- Task goal -
Exactly as they stand, copy the lines from the one containing "tête de rose" to the final line of the data; leave out the pictures.

- Exercise data -
++++

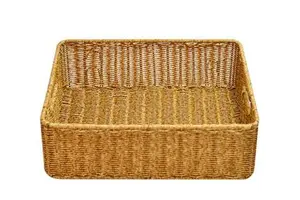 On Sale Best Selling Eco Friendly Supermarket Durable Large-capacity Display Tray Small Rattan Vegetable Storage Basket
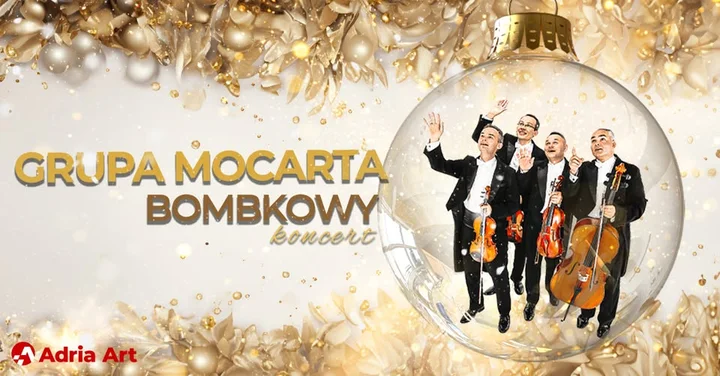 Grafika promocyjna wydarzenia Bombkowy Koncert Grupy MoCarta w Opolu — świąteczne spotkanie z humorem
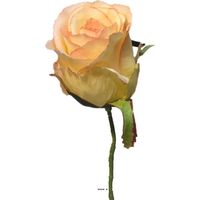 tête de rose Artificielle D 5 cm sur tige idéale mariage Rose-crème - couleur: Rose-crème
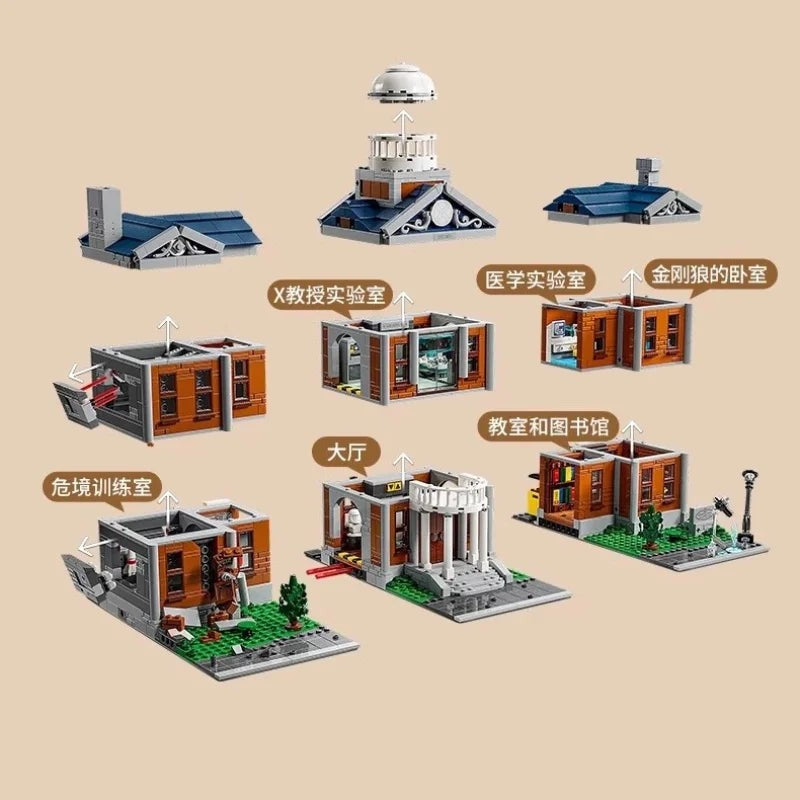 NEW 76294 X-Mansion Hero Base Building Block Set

++++

- Answer to the problem -
 tête de rose Artificielle D 5 cm sur tige idéale mariage Rose-crème - couleur: Rose-crème
 NEW 76294 X-Mansion Hero Base Building Block Set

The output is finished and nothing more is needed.